Task
Using the listing below, set down exactly the lines from the one that contains "Black-2, variant on" through the one that contains "Charging Port Board", with no pictures.

Information provided
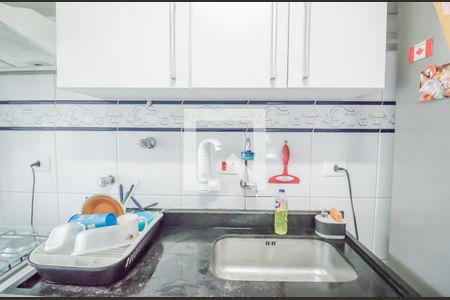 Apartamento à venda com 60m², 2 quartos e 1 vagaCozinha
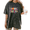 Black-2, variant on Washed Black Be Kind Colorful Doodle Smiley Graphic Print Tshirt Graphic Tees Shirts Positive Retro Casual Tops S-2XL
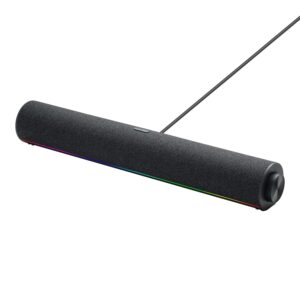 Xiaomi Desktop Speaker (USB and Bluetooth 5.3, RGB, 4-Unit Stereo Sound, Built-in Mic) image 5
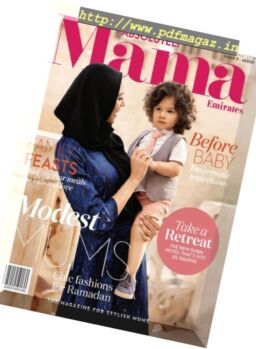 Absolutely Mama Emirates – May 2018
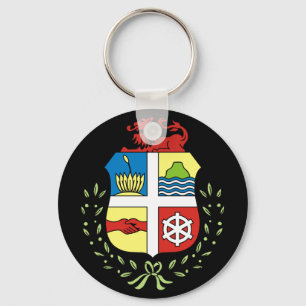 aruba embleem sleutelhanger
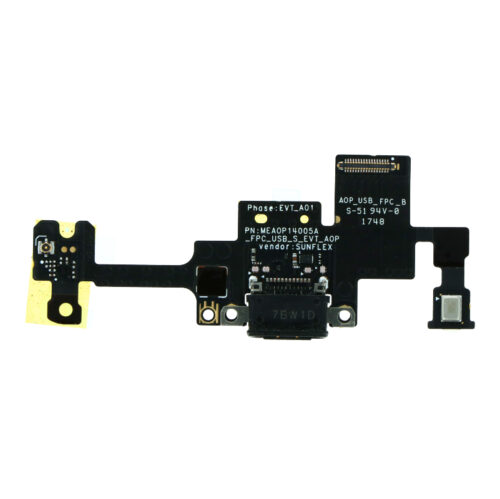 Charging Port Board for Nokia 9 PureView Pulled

* * *

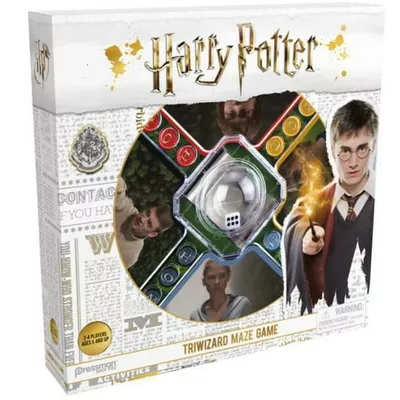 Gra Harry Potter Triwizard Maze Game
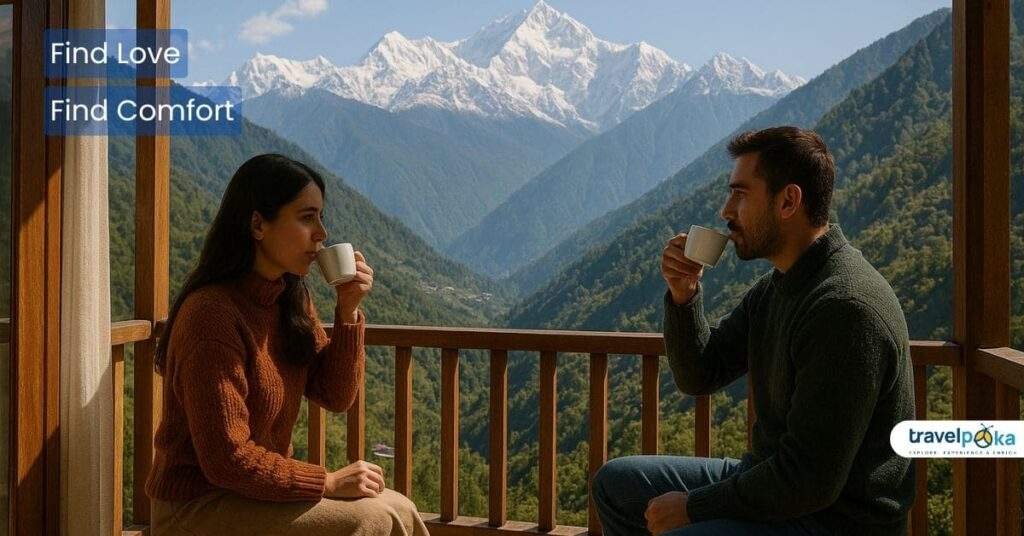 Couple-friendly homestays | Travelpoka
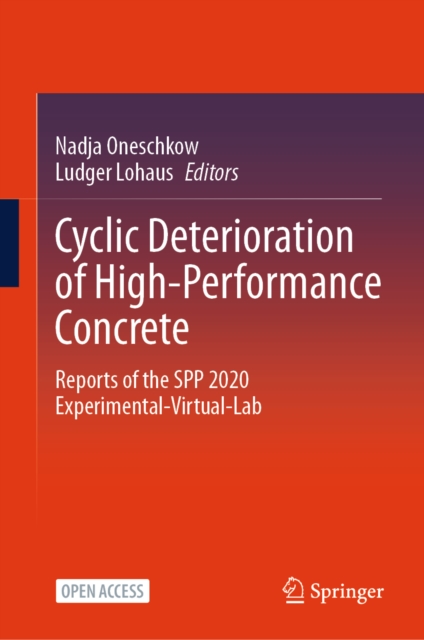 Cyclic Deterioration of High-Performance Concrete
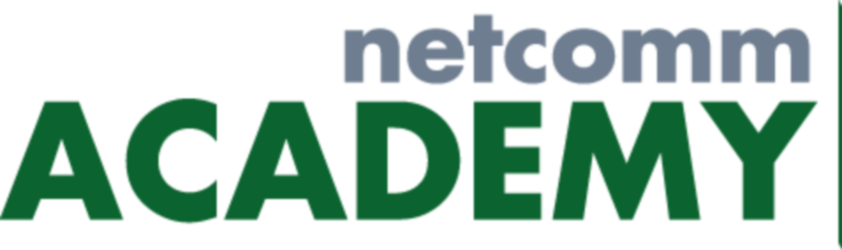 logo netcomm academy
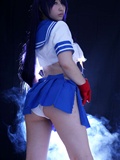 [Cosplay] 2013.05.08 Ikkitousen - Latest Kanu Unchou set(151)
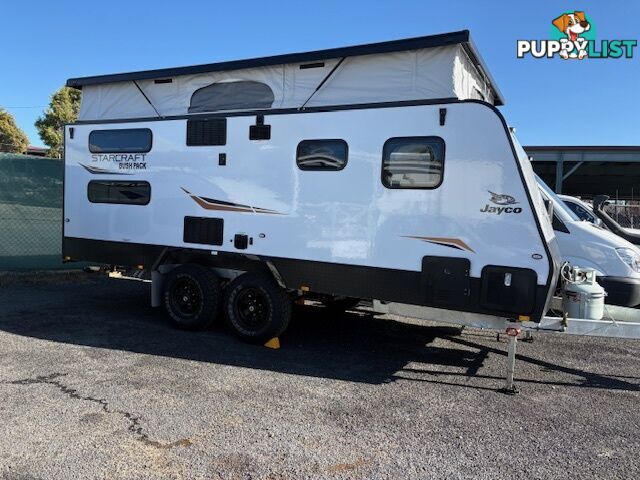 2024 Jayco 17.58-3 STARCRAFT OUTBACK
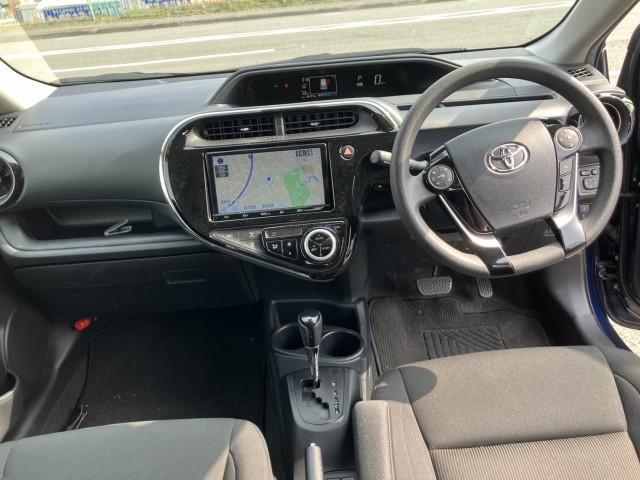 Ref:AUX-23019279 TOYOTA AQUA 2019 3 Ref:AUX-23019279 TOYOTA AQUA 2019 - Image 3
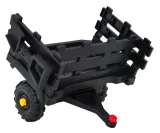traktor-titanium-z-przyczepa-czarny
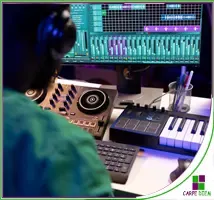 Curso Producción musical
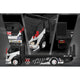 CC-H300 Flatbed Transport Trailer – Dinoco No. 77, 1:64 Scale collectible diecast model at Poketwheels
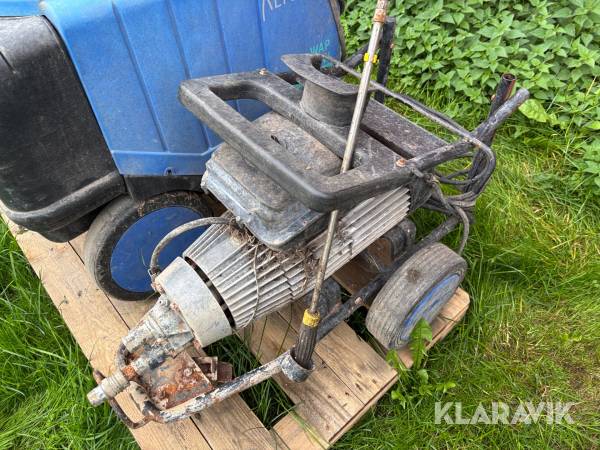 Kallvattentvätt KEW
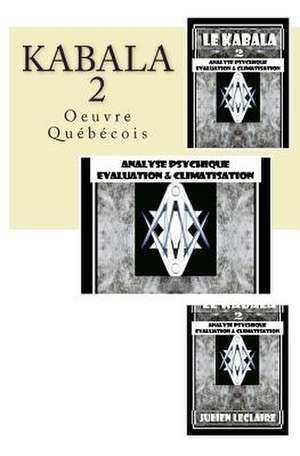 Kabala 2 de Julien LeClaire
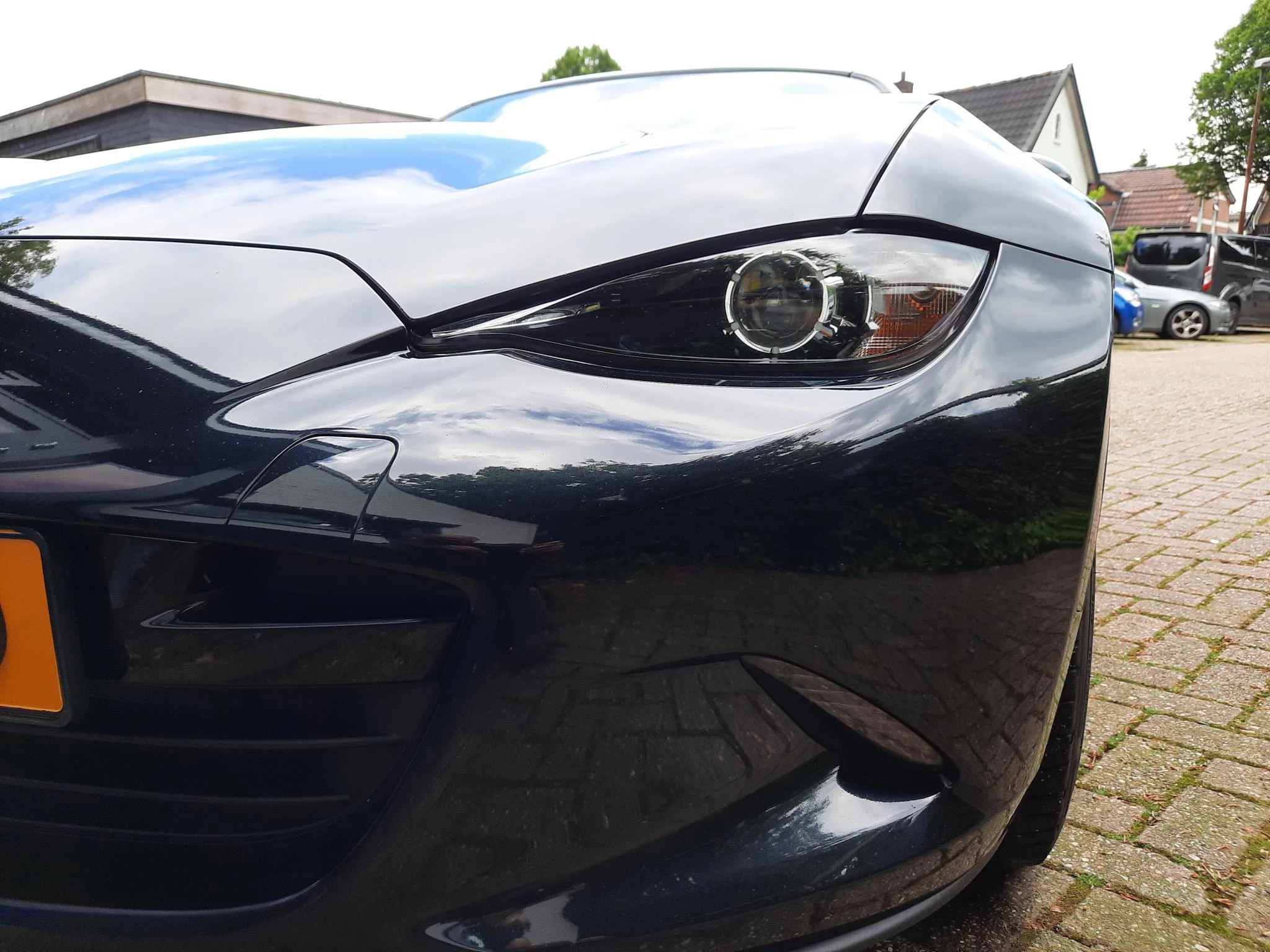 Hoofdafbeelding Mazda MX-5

The completed task
 Black-2, variant on Washed Black Be Kind Colorful Doodle Smiley Graphic Print Tshirt Graphic Tees Shirts Positive Retro Casual Tops S-2XL
 Xiaomi Desktop Speaker (USB and Bluetooth 5.3, RGB, 4-Unit Stereo Sound, Built-in Mic) image 5
 Absolutely Mama Emirates – May 2018
 aruba embleem sleutelhanger
 Charging Port Board for Nokia 9 PureView Pulled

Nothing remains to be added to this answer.